Dalam setiap pertempuran, menang atau kalah tidak pernah jadi soal. Perang bagi Athena hanyalah wujud kepicikan pikir manusia, saat mereka tidak menemukan cara menuntaskan konflik selain dengan saling menjatuhkan. Karena itulah, tak sedetik pun Athena menikmati peperangan yang melibatkan dirinya; ayunan-ayunan tombaknya semata ditujukan untuk menghentikan perseteruan.
Wajar jika kemudian Athena melukai adik lelakinya sendiri di medan tempur.
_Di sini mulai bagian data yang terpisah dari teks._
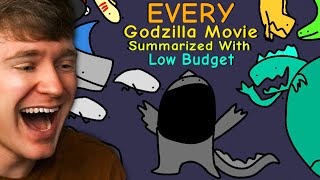 Reacting to Every GODZILLA MOVIE Summarized in LOW BUIDGET [upl. by Charlene]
Para nymph yang berjaga di depan kamar Ares, adik Athena, membukakan pintu untuk sang dewi, membiarkannya menengok keadaan ruangan itu sejenak sembari menyusun kata-kata terbaik untuk saudaranya. Zeus ayahnya menceramahi Ares habis-habisan atas 'kebodohan yang benar-benar keterlaluan ini' dan Ares, tumben sekali, diam seribu bahasa, tidak meluncurkan protes. Mungkinkah itu karena nyeri pada luka dada dan perutnya? Sebagai dewa, luka tidak akan berakibat fatal, tetapi luka yang diakibatkan senjata Athena jelas sembuh lambat sekalipun Zeus dan Apollo, dewa seni dan pengobatan, sudah turun tangan.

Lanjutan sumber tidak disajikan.